Pedimos a la oficina de la Presidencia de la República que coordina la Comisión Intersecretarial y es responsable de la adopción y seguimiento de la Agenda 2030 de la ONU que convoque a la más amplia participación de la sociedad civil y de los tres órdenes de gobierno para establecer metas nacionales viables y exigentes que permitan erradicar la pobreza en una generación y garantizar los derechos sociales básicos de educación, salud, trabajo y vivienda para todas las personas, sin “dejar a nadie atrás”.

Hemos invitado a los doce nuevos gobernadores electos el 5 de junio, a adoptar las medidas de cambio que aquí hemos presentado y esperamos hagan compromisos específicos y medibles con la participación de las organizaciones civiles de su entidad. Los gobiernos locales tienen una gran responsabilidad frente a la pobreza y la desigualdad por la que debemos exigir mayor rendición de cuentas.

Hagamos un debate propositivo y con mirada de futuro. Nosotros presentamos aquí cuatro cambios de enfoque, tres pilares para una estrategia de Estado y 7 prioridades frente a la pobreza y la desigualdad.

Si como país nos proponemos avanzar con seriedad, podemos hacer que la pobreza pase a la historia y que las mediciones futuras se centren mucho más en evaluar indicadores de bienestar y de avance en el ejercicio de los derechos sociales.

Ciudad de México

3 de agosto 2016

[1] La Encuesta Nacional de Ingresos y Gastos de los Hogares 2016 (ENIGH), con el correspondiente MCS, está programada para iniciar el operativo de campo en la segunda semana de agosto. Los resultados estarían disponibles hasta julio de 2017. Está sería la última medición cuyos datos se darían a conocer durante el presente sexenio. La medición de 2018 que en realidad constituye la medición final, se conocería hasta mediados de 2019, si se mantiene el calendario usado hasta ahora por INEGI y CONEVAL.

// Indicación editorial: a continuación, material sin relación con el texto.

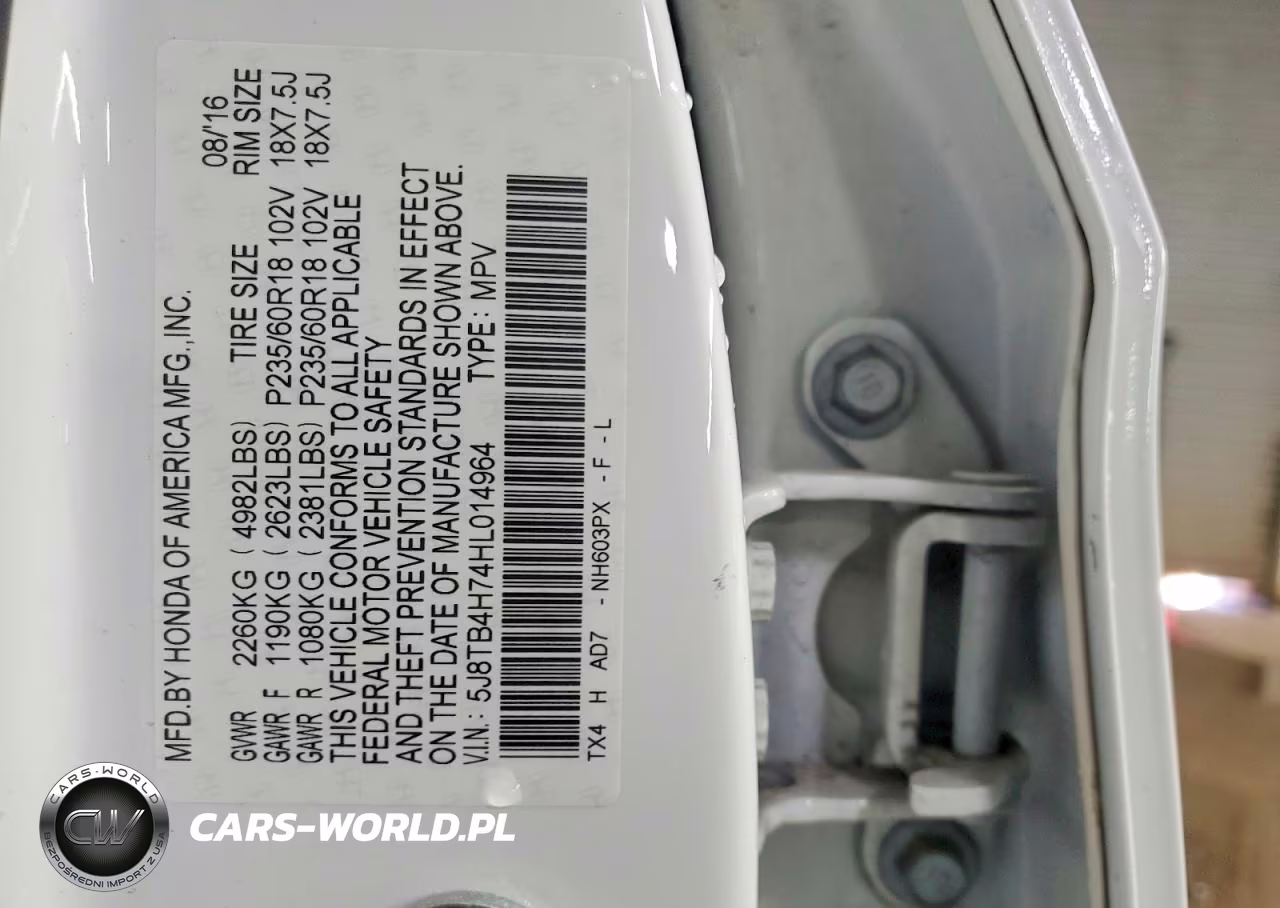 2017 Acura Rdx Advance VIN:5J8TB4H74HL014964 - 12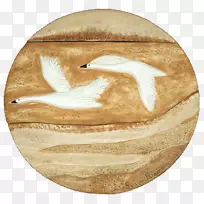 鸟瓦艺术陶瓷飞雪鹅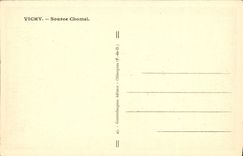 CPA Vichy Source Chomel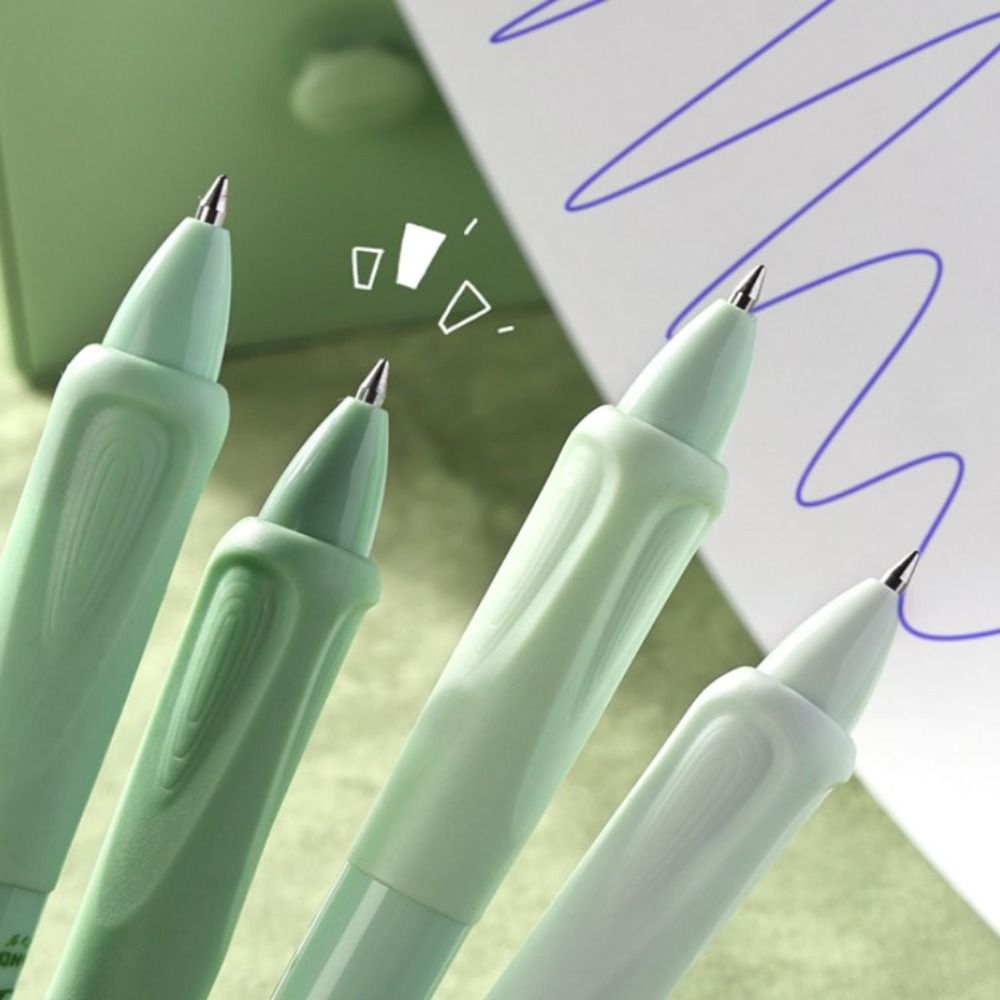 Kawaii Aesthetic 1PC Thermal Eraser Pen Cartoon Cute Erasable Gel Pen Black Blue Ink 0.5mm Neutral Pen Kids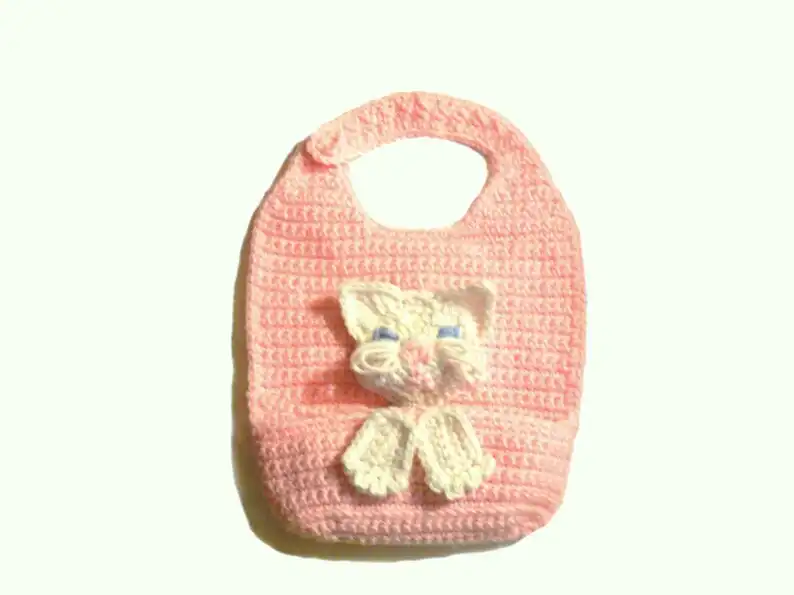 Baby Kitty Bib With Pocket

[2] Se asume que estos datos pueden ser más precisos, porque se ha dicho que estos hogares incluso tuvieron un segundo cuestionamiento más “incisivo” de los encuestadores (según han explicado los funcionarios de INEGI).

[3] Esquivel, Gerardo. Desigualdad extrema en México. Concentración del poder económico y político. Oxfam, México. 2015. En los tres estudios aquí referidos los datos corresponden a 2012.

[4] Del Castillo Negrete, Miguel. La magnitud de la desigualdad en el ingreso y la riqueza en México. Una propuesta de cálculo. Serie Estudios y Perspectivas 167, Sede subregional de la CEPAL en México, 2016.

[5] Bustos, Alfredo y Leyva, Gerardo. Hacia una estimación más realista de la distribución del ingreso en México. Revista Este País. Número 302, Junio de 2016, pp. 6-10.